## Material for the task

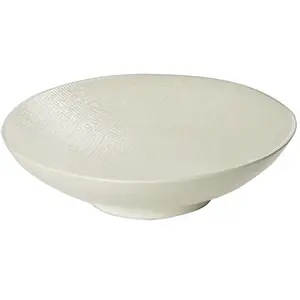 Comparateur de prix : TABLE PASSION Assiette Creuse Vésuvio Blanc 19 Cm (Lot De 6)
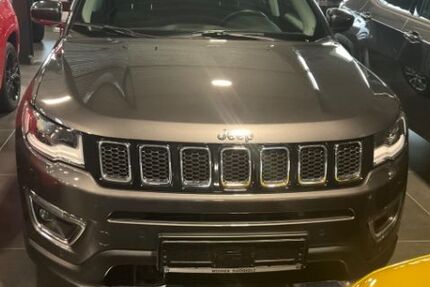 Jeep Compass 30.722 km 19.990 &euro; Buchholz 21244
* * *
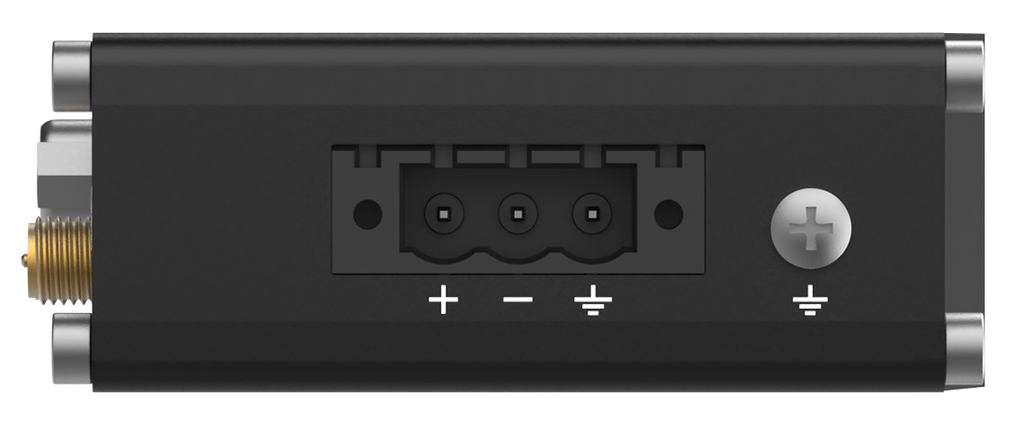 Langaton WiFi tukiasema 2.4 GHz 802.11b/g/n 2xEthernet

## Instructions to follow
Could you repeat, exactly, only the lines above starting at the one that has "Comparateur de prix" and stopping after the one that has "Jeep Compass 30.722", without the pictures?

## Answer area
 Comparateur de prix : TABLE PASSION Assiette Creuse Vésuvio Blanc 19 Cm (Lot De 6)
 Jeep Compass 30.722 km 19.990 &euro; Buchholz 21244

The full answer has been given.